Au printemps, lorsque tout se ranime, il sort de l’herbe un bruit qui s’élève comme un long murmure.

Ce bruit, formé de tant de bruits qu’on ne les pourrait compter, est la voix d’un nombre innombrable de pauvres petites créatures imperceptibles.

Seule, aucune d’elles ne serait entendue : toutes ensemble, elles se font entendre.

Vous êtes aussi cachés sous l’herbe, pourquoi n’en sort-il aucune voix ?

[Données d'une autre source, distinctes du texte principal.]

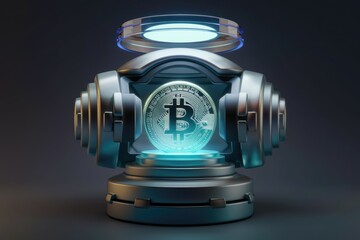 Poster - Futuristic metallic device showcasing a glowing Bitcoin, symbolizing cryptocurrency security and innovation.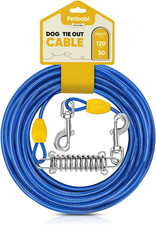 Dog Tie Out Cable 30Ft with Spring, Heavy Duty Dog Leads for Yard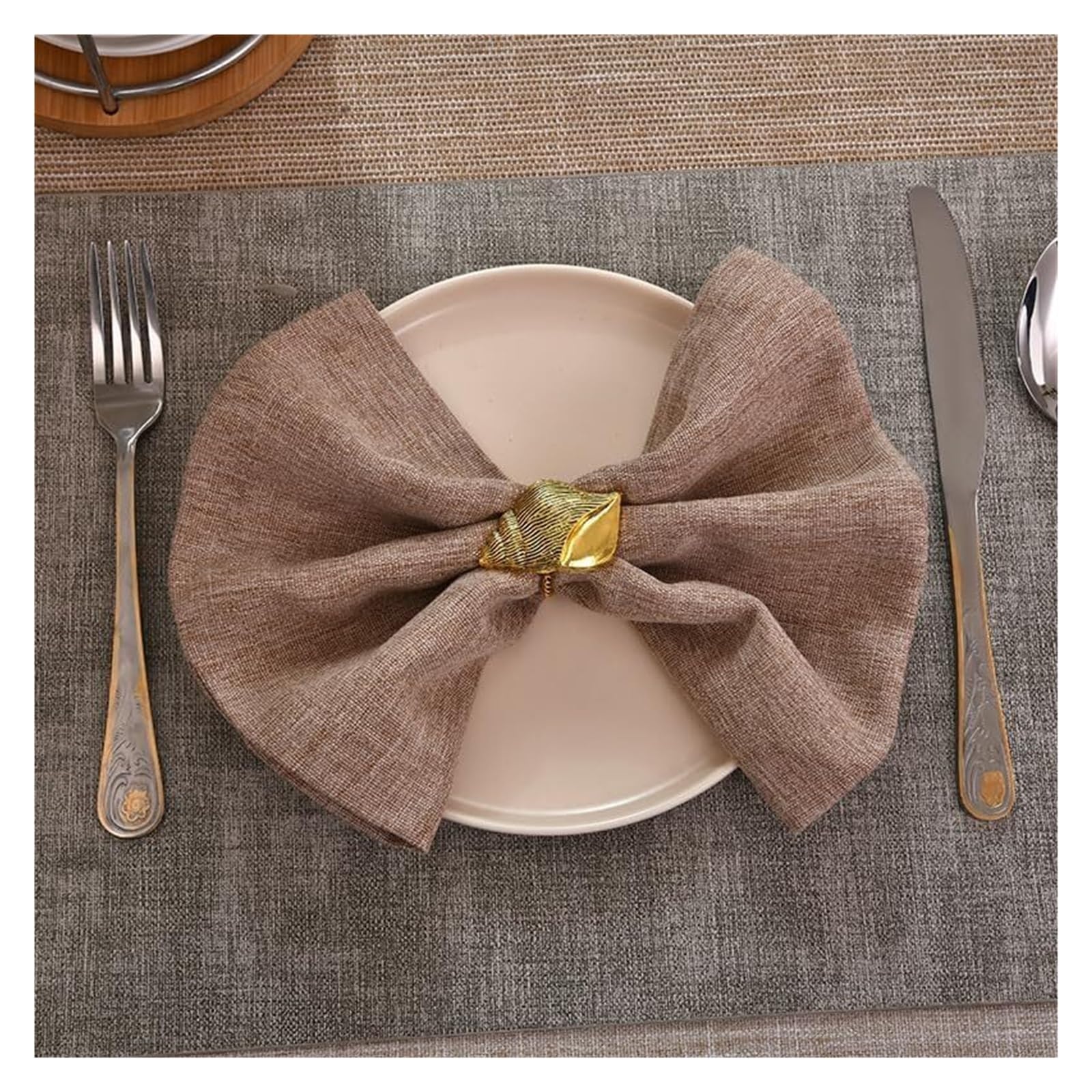 Hebilla de Metal servilletero servilletero Anillo, 12 Piezas de Hebillas de Mantel de Mesa de Boda con Forma de Caracol Dorado, Anillos de Toalla de Papel for decoración de Hotel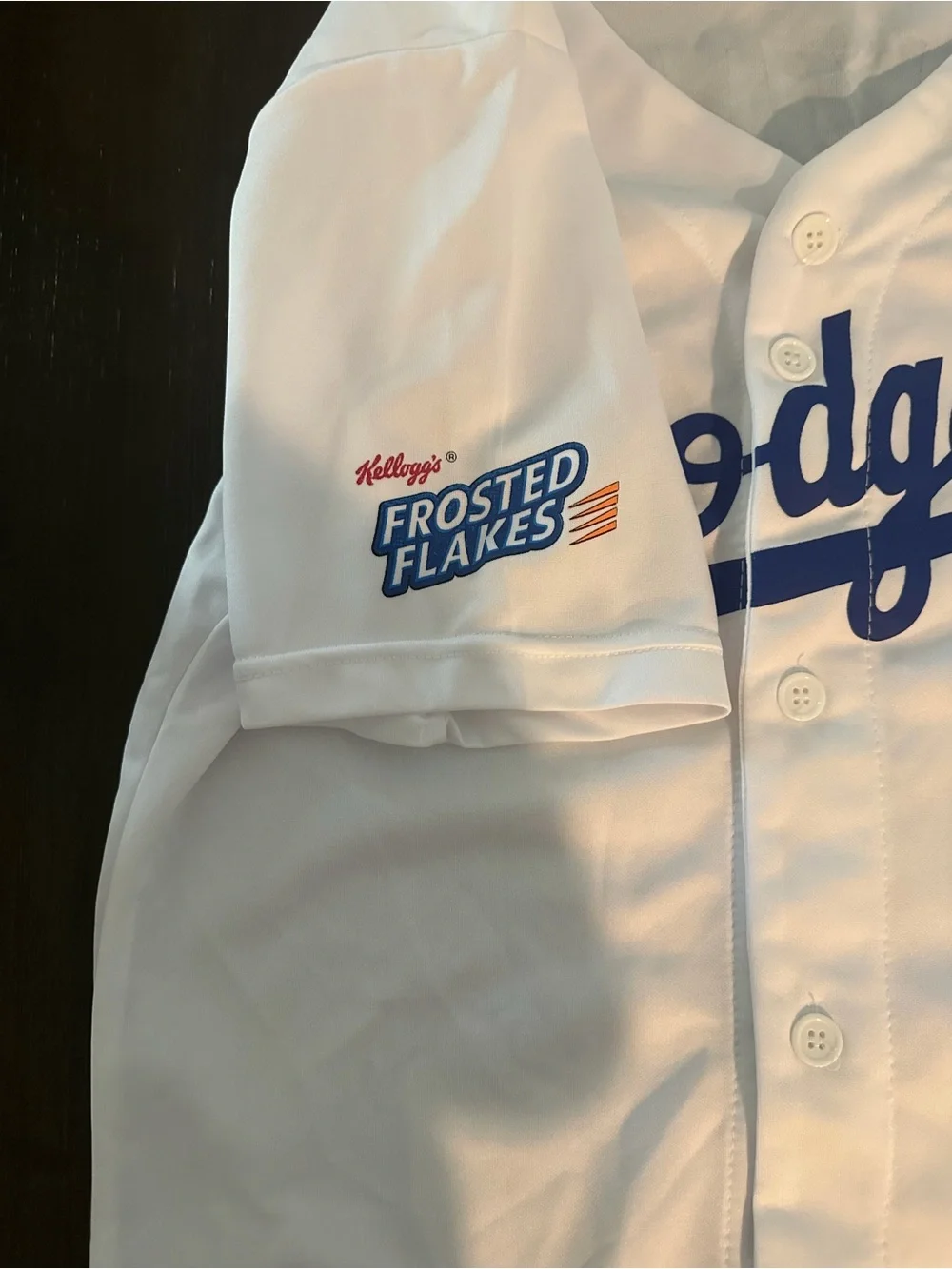 LA Dodgers Adrian Gonzalez #23 SGA Jersey Youth XL White Kellogg's Frosted Flake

Quand on veut passer une rivière rapide, on se forme en une longue file sur deux rangs, et, rapprochés de la sorte, ceux qui n’auraient pu, isolés des autres, résister à la force des eaux, la surmontent sans peine.

Faites ainsi, et vous romprez le cours de l’iniquité, qui vous emporte lorsque vous êtes seuls et vous jette brisés sur la rive.

Que vos résolutions soient lentes, mais fermes. Ne vous laissez aller ni à un premier, ni à un second mouvement.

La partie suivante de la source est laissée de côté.